Output each line of the listing exactly, though pictures are not to appear.

Material provided>
+===+

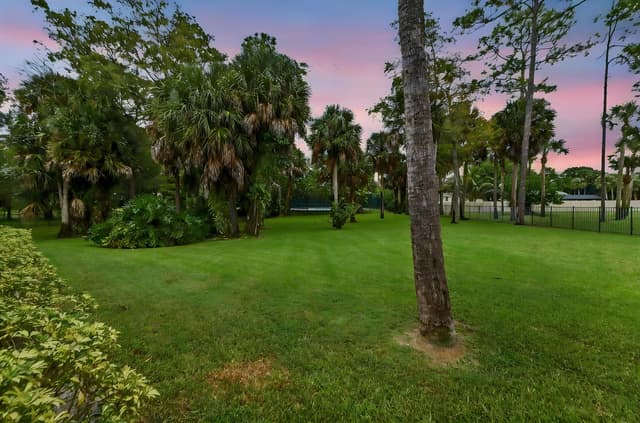13885 Greentree Trail, Wellington FL 33414 - Wellington, FL - Photo 6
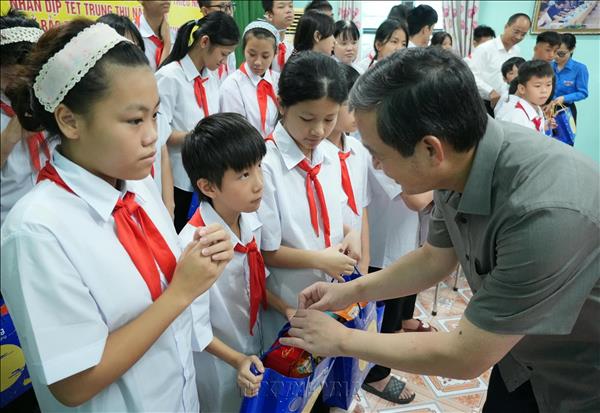 Trao yêu thương, tiếp thêm động lực cho trẻ em hoàn cảnh đặc biệt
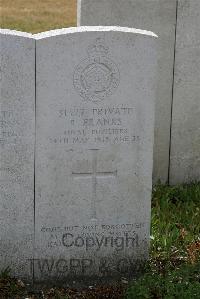 St. Sever Cemetery Extension Rouen - Franks, Robert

+===+

Result>
13885 Greentree Trail, Wellington FL 33414 - Wellington, FL - Photo 6
 Trao yêu thương, tiếp thêm động lực cho trẻ em hoàn cảnh đặc biệt
 St. Sever Cemetery Extension Rouen - Franks, Robert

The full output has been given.